Avoiding overexposure to sunlight, by using sunscreen with an SPF of at least 30 and wearing sun-protective clothing, is essential for management of cutaneous lupus.25,26 Yearly influenza vaccination is appropriate, as are other immunizations (eg, pneumococcal vaccine).26

Advise women of childbearing age with SLE that lupus flares result in a high risk for miscarriage. All women should undergo yearly cervical cancer screening.26

Patients taking long-term glucocorticoids should adopt bone-protective behaviors, including quitting smoking, limiting alcohol intake, partaking in weight-bearing exercise, and consuming dietary calcium and vitamin D.25 Patients taking these drugs should avoid live virus vaccines. Those on immunosuppressive therapy should be warned about the hazardous adverse effects of glucocorticoids.

MONITORING AND FOLLOW-UP
Collaborative efforts between primary care providers and several types of specialty providers can facilitate coordinated interventions in the long-term management of lupus. Rheumatologists are experts in making therapeutic decisions for SLE.
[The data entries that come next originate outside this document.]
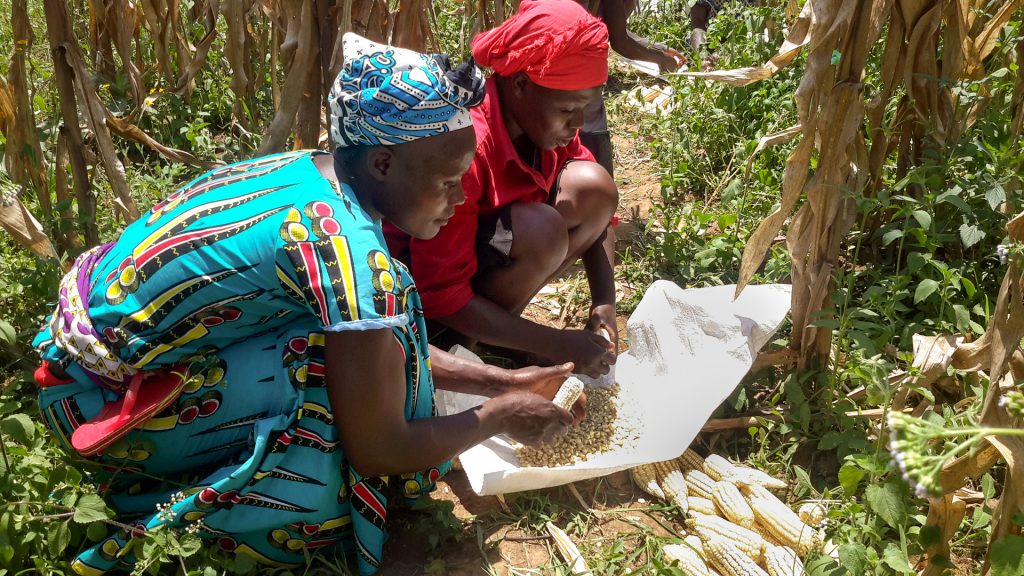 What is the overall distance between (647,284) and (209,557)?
200cm

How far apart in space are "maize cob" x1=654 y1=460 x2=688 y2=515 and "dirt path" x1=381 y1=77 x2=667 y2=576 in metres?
0.06

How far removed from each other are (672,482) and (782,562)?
15.8 inches

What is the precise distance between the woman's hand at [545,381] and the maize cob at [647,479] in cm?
22

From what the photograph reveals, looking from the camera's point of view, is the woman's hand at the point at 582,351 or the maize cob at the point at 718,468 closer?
the maize cob at the point at 718,468

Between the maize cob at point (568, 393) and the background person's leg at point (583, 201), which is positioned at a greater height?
the background person's leg at point (583, 201)

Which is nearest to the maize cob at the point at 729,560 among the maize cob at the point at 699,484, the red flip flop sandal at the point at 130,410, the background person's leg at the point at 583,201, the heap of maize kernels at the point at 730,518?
the heap of maize kernels at the point at 730,518

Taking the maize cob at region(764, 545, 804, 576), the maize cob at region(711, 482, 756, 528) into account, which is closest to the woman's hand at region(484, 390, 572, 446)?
the maize cob at region(711, 482, 756, 528)

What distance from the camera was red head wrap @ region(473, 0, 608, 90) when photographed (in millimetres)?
2492

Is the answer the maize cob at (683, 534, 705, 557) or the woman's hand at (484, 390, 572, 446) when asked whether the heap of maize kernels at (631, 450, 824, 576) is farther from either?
the woman's hand at (484, 390, 572, 446)

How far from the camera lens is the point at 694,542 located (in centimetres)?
232

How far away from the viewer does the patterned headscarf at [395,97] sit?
1.92 meters

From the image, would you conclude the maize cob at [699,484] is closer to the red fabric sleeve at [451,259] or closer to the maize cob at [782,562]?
the maize cob at [782,562]

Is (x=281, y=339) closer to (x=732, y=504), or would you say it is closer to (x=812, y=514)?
(x=732, y=504)

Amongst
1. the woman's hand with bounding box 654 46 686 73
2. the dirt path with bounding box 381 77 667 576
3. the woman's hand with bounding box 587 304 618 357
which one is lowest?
the dirt path with bounding box 381 77 667 576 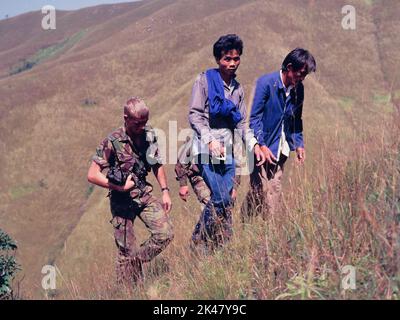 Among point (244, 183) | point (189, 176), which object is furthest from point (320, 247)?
point (244, 183)

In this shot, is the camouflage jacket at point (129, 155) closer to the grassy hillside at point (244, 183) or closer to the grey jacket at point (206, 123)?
the grey jacket at point (206, 123)

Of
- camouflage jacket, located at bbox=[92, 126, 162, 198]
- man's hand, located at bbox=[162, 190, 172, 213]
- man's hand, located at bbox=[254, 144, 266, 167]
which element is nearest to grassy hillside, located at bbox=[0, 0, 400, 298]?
man's hand, located at bbox=[162, 190, 172, 213]

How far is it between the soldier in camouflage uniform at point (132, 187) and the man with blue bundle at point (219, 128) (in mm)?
557

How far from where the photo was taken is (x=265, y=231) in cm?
513

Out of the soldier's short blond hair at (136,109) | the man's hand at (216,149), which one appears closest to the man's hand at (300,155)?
the man's hand at (216,149)

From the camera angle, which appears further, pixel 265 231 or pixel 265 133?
pixel 265 133

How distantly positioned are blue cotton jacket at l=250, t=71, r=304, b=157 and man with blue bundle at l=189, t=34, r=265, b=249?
16cm

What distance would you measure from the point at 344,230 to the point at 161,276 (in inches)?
98.6

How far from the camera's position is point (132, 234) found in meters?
6.70

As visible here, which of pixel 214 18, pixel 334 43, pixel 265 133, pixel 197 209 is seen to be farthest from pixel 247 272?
pixel 214 18

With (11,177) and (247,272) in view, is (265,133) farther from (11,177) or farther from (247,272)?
(11,177)

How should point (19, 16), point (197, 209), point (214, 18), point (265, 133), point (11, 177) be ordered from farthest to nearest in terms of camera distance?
1. point (19, 16)
2. point (214, 18)
3. point (11, 177)
4. point (197, 209)
5. point (265, 133)

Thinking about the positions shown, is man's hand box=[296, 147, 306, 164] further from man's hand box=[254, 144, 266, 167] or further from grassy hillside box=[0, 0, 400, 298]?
man's hand box=[254, 144, 266, 167]

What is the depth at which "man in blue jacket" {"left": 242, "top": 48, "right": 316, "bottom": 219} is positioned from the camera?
632 cm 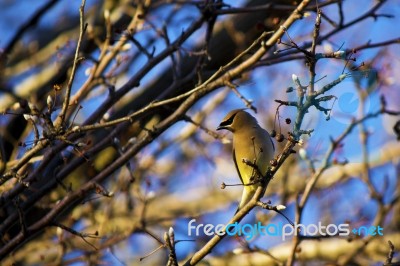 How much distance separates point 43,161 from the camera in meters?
3.45

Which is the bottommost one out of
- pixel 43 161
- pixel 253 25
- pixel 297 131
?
pixel 297 131

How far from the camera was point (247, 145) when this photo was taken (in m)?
3.69

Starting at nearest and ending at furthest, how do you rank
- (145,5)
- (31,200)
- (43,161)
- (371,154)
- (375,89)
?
1. (43,161)
2. (31,200)
3. (145,5)
4. (375,89)
5. (371,154)

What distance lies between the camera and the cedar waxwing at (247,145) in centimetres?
342

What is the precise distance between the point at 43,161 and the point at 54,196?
1.56 metres

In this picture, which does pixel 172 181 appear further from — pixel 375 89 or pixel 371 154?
pixel 375 89

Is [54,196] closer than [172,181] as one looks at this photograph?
Yes

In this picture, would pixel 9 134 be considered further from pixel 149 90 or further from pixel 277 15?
pixel 277 15

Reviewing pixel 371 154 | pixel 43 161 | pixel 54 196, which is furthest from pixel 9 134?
pixel 371 154

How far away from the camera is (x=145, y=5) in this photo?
429 centimetres

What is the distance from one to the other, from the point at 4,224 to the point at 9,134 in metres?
1.36

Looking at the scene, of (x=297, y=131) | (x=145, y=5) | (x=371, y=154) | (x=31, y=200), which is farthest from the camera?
(x=371, y=154)

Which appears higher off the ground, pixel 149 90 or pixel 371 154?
pixel 371 154

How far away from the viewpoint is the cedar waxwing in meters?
3.42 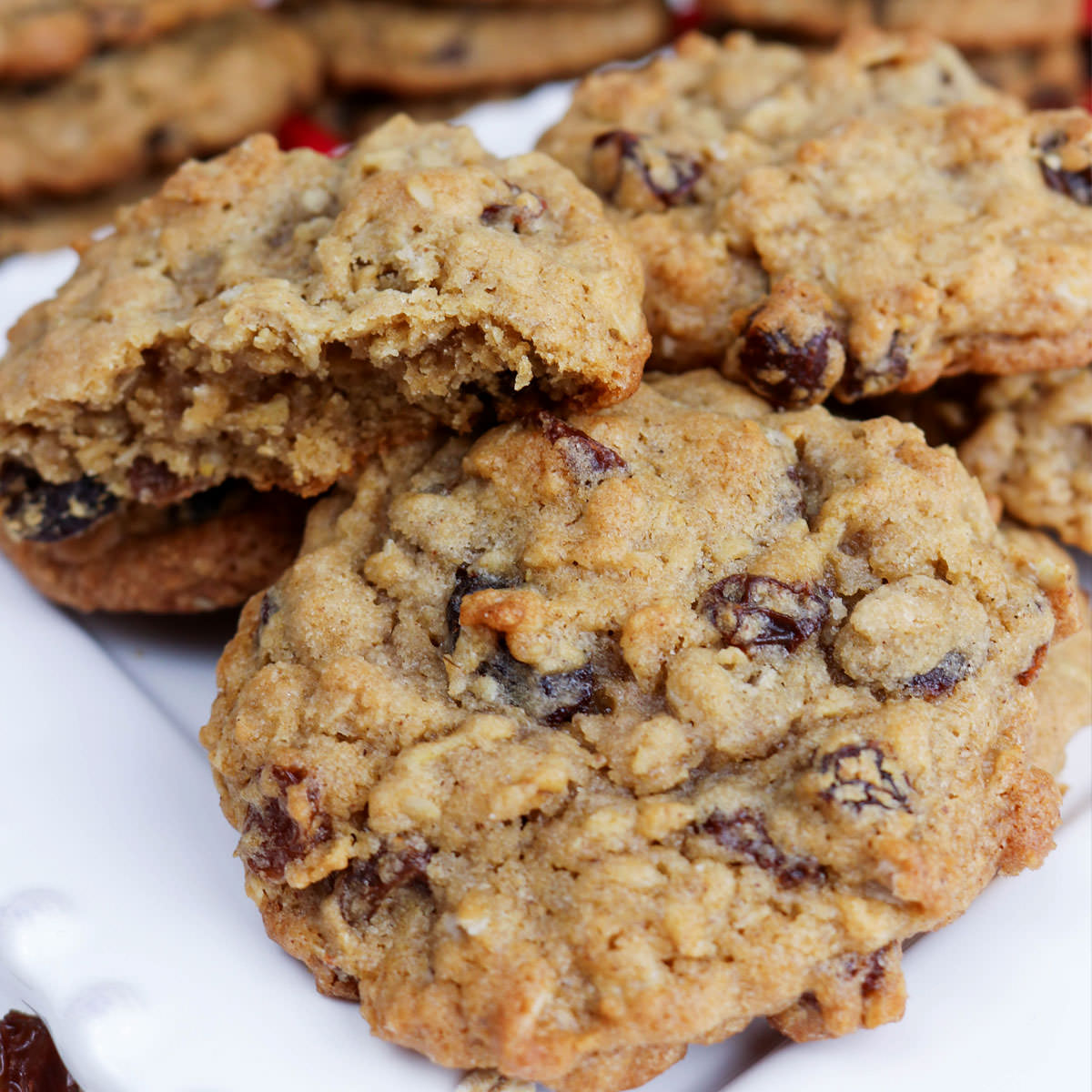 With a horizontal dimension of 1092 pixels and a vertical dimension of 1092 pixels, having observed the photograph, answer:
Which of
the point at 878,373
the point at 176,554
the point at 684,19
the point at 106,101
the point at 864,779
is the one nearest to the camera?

Patients being treated for SLE require routine monitoring to assess disease activity and detect flares. The European League Against Rheumatism (EULAR) guidelines recommend that monitoring include assessment for new clinical manifestations, routine laboratory tests, and immunologic assays, chiefly anti-dsDNA, anti-Sm, and serum complement levels, coupled with one of the validated global activity indices, such as the Systemic Lupus Erythematosus Disease Activity Index (SLEDAI).29

A routine office visit with a physical examination and laboratory testing for CBC with differential, basic metabolic panel, and urinalysis every three months is recommended for patients with stable disease; patients with uncontrolled SLE may require weekly visits.11,29 Patients taking immunosuppressive drugs should be provided with adverse-effect profiles alerting them to toxicity symptoms and require frequent laboratory monitoring for potential toxicity.11

CONCLUSION
Advances in immunologically targeted serologic tests have shed more light on the underlying pathogenesis of SLE, which in turn has led to improvements in disease detection and monitoring of complications, as well as advances in therapy. Although SLE cannot be cured, emerging therapies targeting different mechanisms of SLE offer hope for patients diagnosed with this complex disease.